1858-1947 yıllar arasında süren Hindistan’daki "Britanya Hindistanı" döneminin başlarında, ingiliz yetkilileri, Delhi bölgesinin ekolojik sistemi nedeniyle ciddi bir sorun yaşadı. Bu süre zarfında fareler şehrin her tarafına yayılıp ingiliz yerleşimcilerin büyük kâbusu olmuştu.
Fare sorunundan kurtulmak için Delhi’deki ingiliz yetkililer, bir karar verdi.
Buna göre fare öldürüp kuyruğunu yetkililere teslim eden her Hintliye para ödülü verilecekti.
Başlangıçta bu fikir büyük ölçüde başarılı oldu. Para ödülü, Delhi halkını adeta fare avcısına çevirmişti.
Fakat zaman geçtikçe daha fazla ve kolay kazanç elde etmek isteyen Hintliler, sistemden yararlanıp evlerinde fare yetiştirmeye başladı. Bu sayede Delhi halkı büyük kazançlar elde etti.
Sıçan kuyrukları birikmesine rağmen sıçanların çoğaldığını fark eden ingiliz yetkililer ödül sisteminden vazgeçme kararı aldı. Böylece Hintliler, değersiz hale gelen farelerle birlikte aynı evin içinde yaşamak zorunda kaldı.
Ödüllerin iptal edilmesi kararı üzerine birçok 'ödül avcısı', evlerinde yetiştirdikleri fareleri sokağa saldı. Bunun sonucunda Delhi sokaklarındaki farelerin sayısı, ödül sisteminden önceki sayının bile üstüne çıktı ve veba salgının ortaya çıkmasına neden oldu.
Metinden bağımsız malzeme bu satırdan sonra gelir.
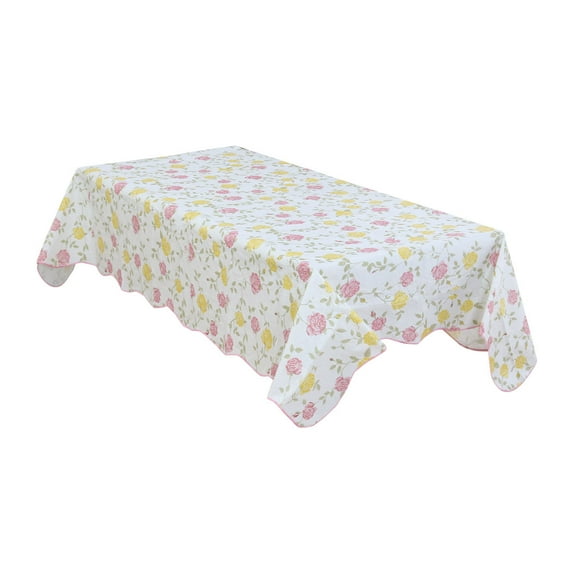 Home Picnic Bi-color Vinyl Plastic Rose Pattern Print Rectangle Waterproof Tablecloth Table Cloth Cover 54x71"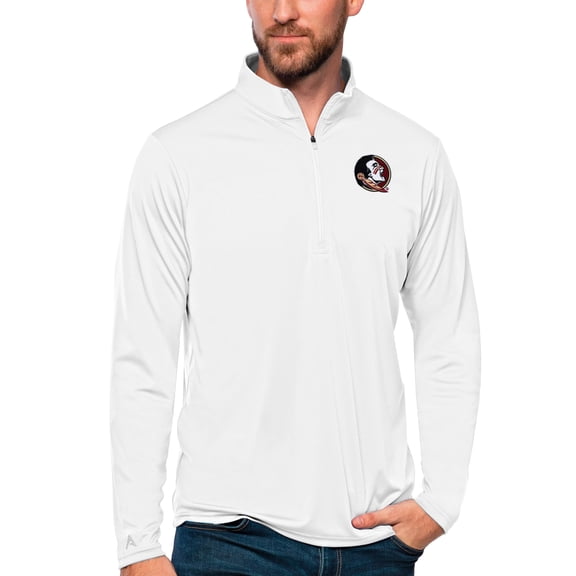 Men's Antigua White Florida State Seminoles Tribute Quarter-Zip Top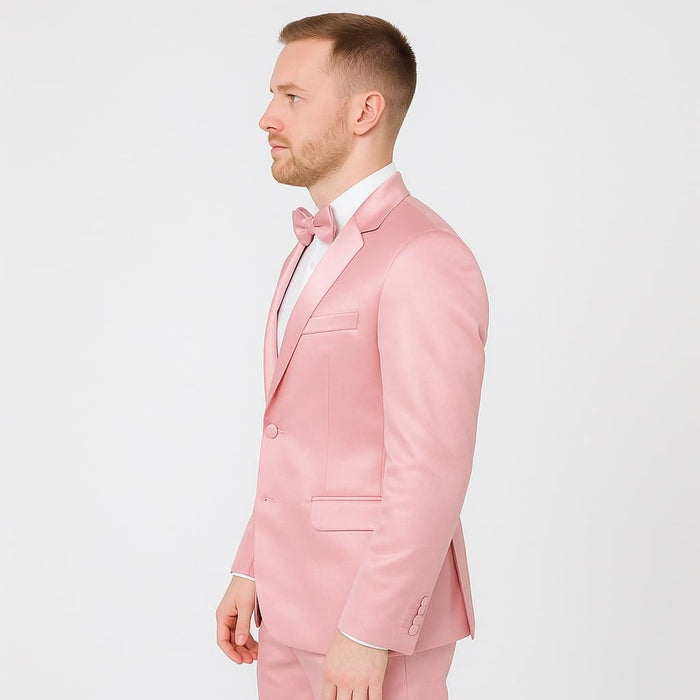 Pink Satin Tuxedo Set â€“ Stylish 4-Piece for Weddings & Proms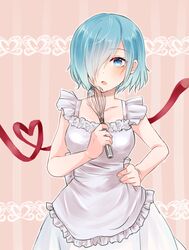  apron bare_arms blue_eyes blue_hair blush breasts chii_(sbshop) collarbone commentary_request dress female frilled_apron frills hair_over_one_eye hand_on_own_chest heart holding kirishima_touka looking_at_viewer looking_to_the_side medium_breasts open_mouth short_hair solo striped striped_background thinking tokyo_ghoul whisk white_apron white_dress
Ekonomik sorunlarını çözememiş, siyasilerin kısa dönemli çıkarları için gecekondu sahiplerine tapu vermeleri ve imar affı çıkarma gibi yöntemlere başvurmaları, eğitim sisteminin bilimsel ve felsefi bakış açısına önem vermemesi toplumun da şark kurnazı olmasının temel sepepleri arasındadır. Bu konuda sosyoloji alanında doktora tezi hazırlanmalıdır. Hatta felsefe alanında da bu konuyla bağlantılı bir çalışma yapılabilir.
ahlaksızlıkla pratik zekanın ne alakası var. Pratik zekâ, Antik Yunan felsefesinde pratik eyleme ilişkin bilgelik ve zekâyı ifade etmek için kullanılan bir terimdir. Bulunmuş olduğu ortamda ya da karşılaştığı zorluklarda mevcut şartlar dahilinde anında fikir üretebilen, olması gerekeni farklı fikirler ile sağlayabilen kişiler için kullanılmıştır.
not: ilk cümleden sonrası vikipedi'den alıntıdır.
türkiye yaklaşık bi 500 yıldır falan (fatihtebn sornasından beridir) büyük ölçekli ahlaki yozlaşma sorunu yaşıyor zaten. özellikle anadolu halkı için bu durum daha belirgin bir şekilde gerçekleşmiştir.
özellikle son 300 yıl (beşik ulemalıklarının had safhaya çıkması ile birlikte) kültürün tamamen harabolmasına neden olmuştur.
bakın bir nesil falan değil komple ülkeyi resetlesen değişmeyecek bir ahlaki kirlilik söz konusu.
türkiyede rasyonel, bilimsel düşünce geleneği, erdemli toplum diye bir şey yok, fabrikalarda, şirketlerde çalışan en eğitimli adamlar bile üç aşağı beş yukarı bu mentaliteye sahip. yeni mi fark ettiniz?
Özellikle son zamanlarda kaybolan değer algısı ve fiyat politikalarıyla kendini uyanık sananlara verilen sıfattır. Ahlaktan yoksun fırıldaklıklar uyanıklık olarak adlandırılır. insan ise ancak ve ancak kendini kandırmaktadır.
Ana sebebi tembellik olan bişey, tembelsen, "kolaydan kazanç elde etmeye" meyilli olursun. Kolaydan da en güzel hırsızlık yaparak kazanç elde edilir!! Başkasının ödediği bişeyi ondan alırsın, hatta satarsın...
Ama bunu sonsuza kadar yapamazsın, günün birinde, kurbanlar hiçbi şey alamamaya, sen de çalacak hiçbi şey bulamamaya başlarsın...böylece hep birlikte göt altına gidersiniz.